══ DATA SUPPLIED ══

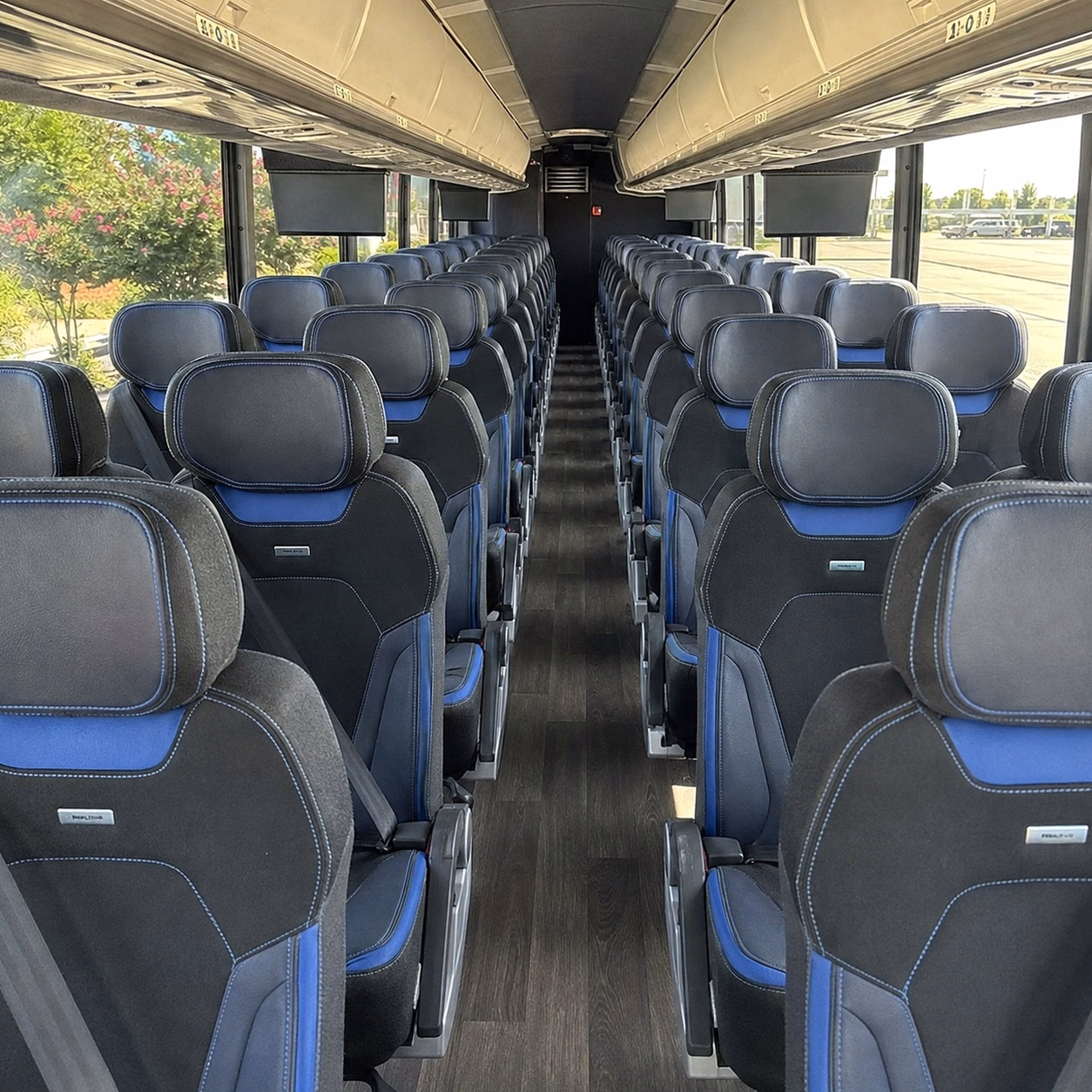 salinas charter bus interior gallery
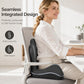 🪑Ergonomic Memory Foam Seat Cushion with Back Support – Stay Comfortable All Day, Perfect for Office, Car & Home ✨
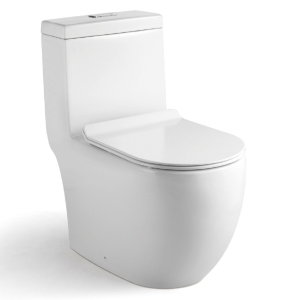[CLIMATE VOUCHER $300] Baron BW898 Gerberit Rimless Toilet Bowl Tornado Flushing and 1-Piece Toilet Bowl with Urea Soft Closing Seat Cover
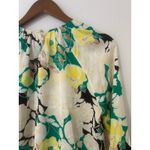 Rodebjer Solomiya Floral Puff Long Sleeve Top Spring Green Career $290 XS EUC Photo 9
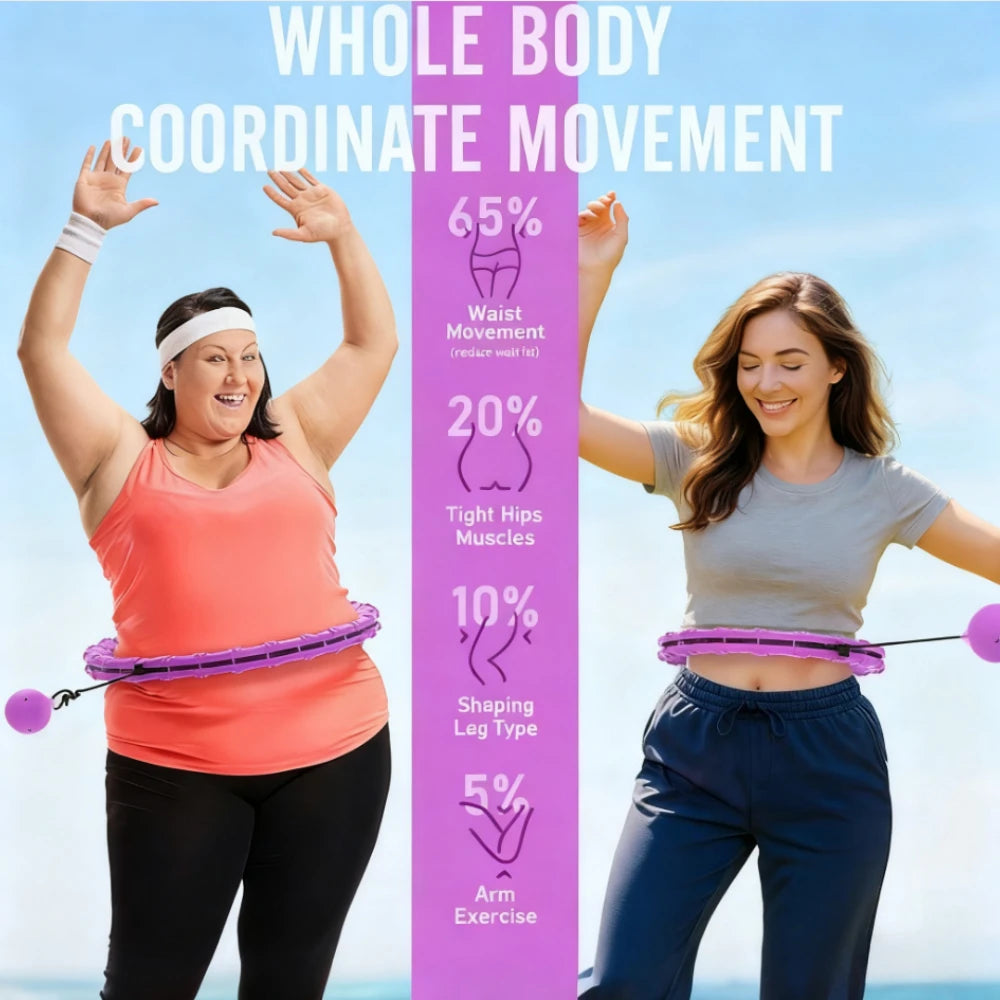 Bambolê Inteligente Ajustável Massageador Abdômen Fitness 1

═══

Images are to be skipped, and each line above is to be returned exactly.

**REPLY TO THE EXERCISE**.
 salinas charter bus interior gallery
 🪑Ergonomic Memory Foam Seat Cushion with Back Support – Stay Comfortable All Day, Perfect for Office, Car & Home ✨
[CLIMATE VOUCHER $300] Baron BW898 Gerberit Rimless Toilet Bowl Tornado Flushing and 1-Piece Toilet Bowl with Urea Soft Closing Seat Cover
 Rodebjer Solomiya Floral Puff Long Sleeve Top Spring Green Career $290 XS EUC Photo 9
 Bambolê Inteligente Ajustável Massageador Abdômen Fitness 1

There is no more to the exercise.